ZATRZYMAJ CHWILĘ RELAKSU NA DŁUŻEJ
Peeling z The Body Shop mieści się w masywnym, ogromnym opakowaniu, które wygląda luksusowo i estetycznie w Waszej łazience. Bardzo podoba mi się szata graficzna - jest minimalistyczna a ciemne opakowanie pięknie prezentuje się na półce. Zawiera 350 ml produktu, a jego cena to ok. 60zł. Przyznam, że miło mnie to zaskoczyło, że opakowanie jest tak ogromne! Oczywiście dzięki temu można się cieszyć peelingiem przez dłuższy czas.
WĘDRÓWKA PO CAŁYM ŚWIECIE W POSZUKIWANIU RYTUAŁÓW PIELĘGNACYJNYCH
Twórcy produktów The Body Shop przeszukali cały świat w poszukiwaniu najcenniejszych rytuałów pielęgnacyjnych, cenionych za swój cudowny wpływ na skórę. Zainspirowani, stworzyli na ich bazie linię domowego spa – Spa of the World. Peeling zawiera proszek z pestek winogron z Francji i organiczny cukier z Paragwaju. W składzie znajdziemy także olej z orzechów brazylijskich, olej z winogron, czy olej z nasion wiesiołka.
ZRELAKSUJ SIĘ I WYGŁADŹ SWOJE CIAŁO
Peeling jest dosyć gęsty, dobrze rozprowadza się go po ciele i nie spływa z niego, co jest dużą zaletą. Należy do mocniejszych peelingów, zawiera mnóstwo drobinek ale w zależności od tego, czy połączymy go z wodą stopniujemy efekt i to, jak mocno zdziera martwy naskórek. Skóra po zastosowaniu jest wygładzona, martwy naskórek usunięty, natomiast zapach na ciele wyczuwam jeszcze po 2-3 godzinach po kąpieli. Peeling jest wydajny i mimo regularnego używania, nadal pozostaje go sporo w opakowaniu.
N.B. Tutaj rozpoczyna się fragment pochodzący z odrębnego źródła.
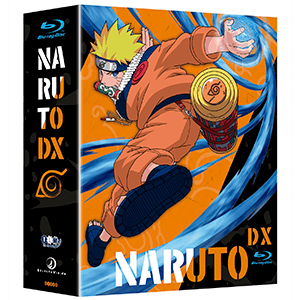 Naruto Serie Completa - Edición Deluxe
OBUDŹ I OŻYW ZMYSŁY, POCZUJ SIĘ JAK W SPA
Peeling dla mnie to nie tylko produkt, który ma złuszczać martwy
naskórek. To także umilacz każdej kąpieli, jeden z elementów małego spa,
dlatego lubię, gdy nie tylko dobrze działa, ale także używa się go z
przyjemnością i pięknie pachnie. I tak właśnie jest w tym przypadku.
Zapach jest po prostu niesamowity! Całkowicie wpisuje się w mój gust,
jeśli mamy na myśli produkty, których chcę używać w pielęgnacji. To
rzeczywiście produkt, który można stosować w spa, jego zapach odpręża,
jest niesamowicie odświeżający, idealny przede wszystkim na lato, gdy
nie chcemy używać produktów o ciężkich, przytłaczających zapachach. Z
wielką chęcią widziałabym u siebie np. żel pod prysznic czy balsam o
takim zapachu. To pewnie zasługa winogron, ale kojarzy mi się także z mojito, ogórkiem czy miętą.
Podsumowując, jestem zadowolona z tego peelingu, zarówno z jego właściwości, tego, jak wygładza ciało jak i z jego zapachu. Uwielbiam takie produkty zwłaszcza latem - odświeżające, energetyczne i pobudzające.
Znacie ten produkt i linię Spa of the World? Jakie kosmetyki z The Body Shop polecacie?